Phase 1: Separate Specification from Logic (Completed)

  1. Create src/rulebook_ai/assistants.py (New File):

    • This file will contain the declarative specifications for all supported assistants and will have no logic.
    • Define a new AssistantSpec dataclass based on a first-principles analysis of assistant rule systems. Key attributes will include:
      • name, display_name
      • is_single_file (boolean)
      • rule_path (the directory where rules are stored)
      • filename (for single-file assistants)
      • file_extension (for multi-file assistants)
      • supports_subdirectories (boolean)
    • Create the SUPPORTED_ASSISTANTS list in this file, populated with an AssistantSpec instance for each AI tool.
  2. Refactor src/rulebook_ai/core.py into a Generic Engine:

    • Remove all assistant-specific constants and logic from core.py.
    • Import the SUPPORTED_ASSISTANTS configuration from the new assistants.py.
    • Refactor RuleManager to be a generic interpreter of the AssistantSpec.
    • The logic for how to generate rules (e.g., "flatten and number files" vs. "preserve hierarchy") will reside entirely within private methods in RuleManager.
    • Refine public method orchestration: The public methods will be refactored for clarity and compliance with the original design spec.
      • install() will only handle copying files and will conclude by calling self.sync() to perform the rule generation.
      • sync() will be the single entry point for all rule generation, always reading from the local project_rules/ directory.
      • clean_rules() and clean_all() will be made data-driven by iterating over SUPPORTED_ASSISTANTS and using the clean_path from the spec.

Phase 2: Simplify and Automate src/rulebook_ai/cli.py

  1. Implement Dynamic, Multi-Select CLI Arguments:

    • The cli.py module will import SUPPORTED_ASSISTANTS from assistants.py.
    • The hardcoded, mutually exclusive CLI flags will be replaced.

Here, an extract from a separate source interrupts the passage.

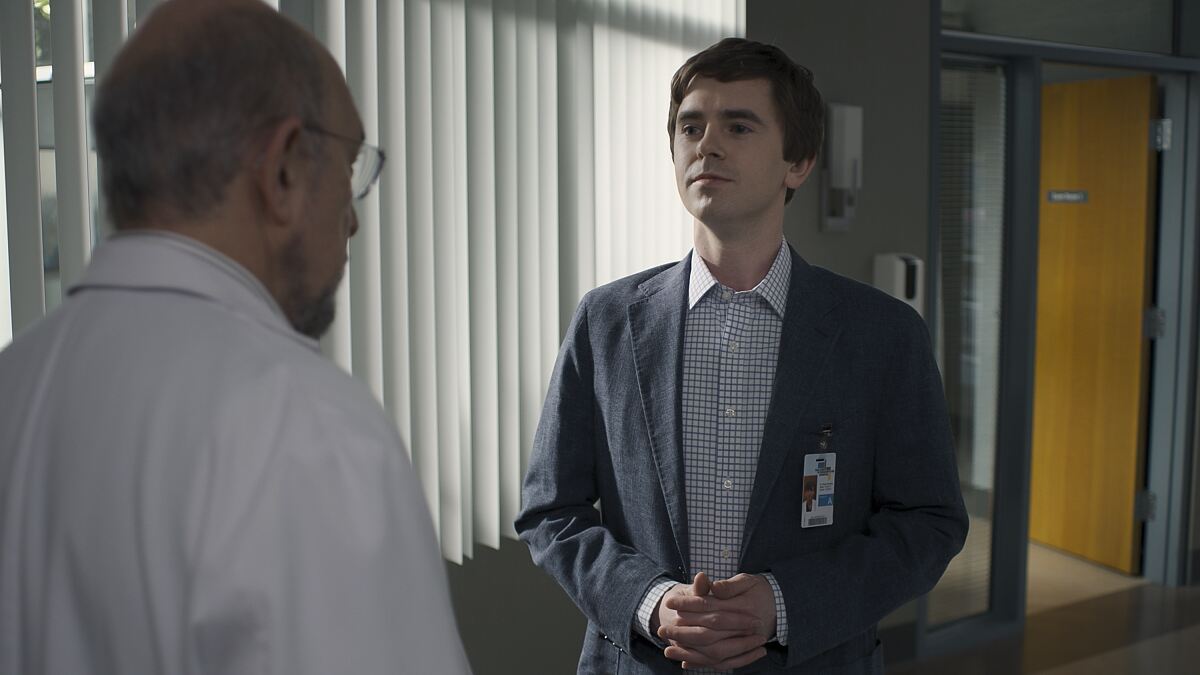 The Good Doctor Still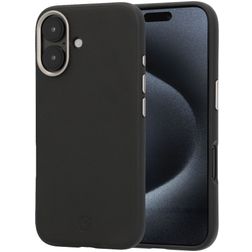 Valenta Style iPhone 16 MagSafe Backcover - Schwarz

A loop will dynamically generate flags for each assistant (e.g., --cursor, --cline).
    • These flags will use action='append_const' to allow users to select multiple assistants at once (e.g., rulebook-ai install --cursor --copilot).
    • The --all flag will be a simple shortcut that populates the list with all assistants.
    • The confusing --no-copilot flag will be removed entirely.
  2. Decouple and Simplify Handlers:

    • The handle_install and handle_sync functions will be simplified to single lines.
    • They will pass the assistants list, generated directly by argparse, to the corresponding RuleManager method.
    • If no assistant flags are provided by the user, the list will be None, and the RuleManager will correctly interpret this as a request to install/sync for all assistants (the default behavior).

Enhancement: Additional Assistant Support (Completed)

Following the refactor, the specification was extended to include Claude Code, Codex CLI, and Gemini CLI assistants with their own rule file paths and generalized cleanup of assistant artifacts. These additions build on the refactoring work without belonging to Phases 1–2.

An additional enhancement introduced a bug-report CLI command that links users to the project's issue tracker for submitting problems.

Another enhancement added a rate-ruleset CLI command that opens the Ratings & Reviews wiki, encouraging community feedback on rule sets.

An additional improvement surfaces the Ratings & Reviews wiki link within the list-rules command so users can read feedback before installing a ruleset.

A subsequent enhancement introduced support for mode-based assistants (Kilo Code, Roo Code), which required adding a has_modes flag to the AssistantSpec and extending the RuleManager engine. This demonstrated the extensibility of the refactored architecture.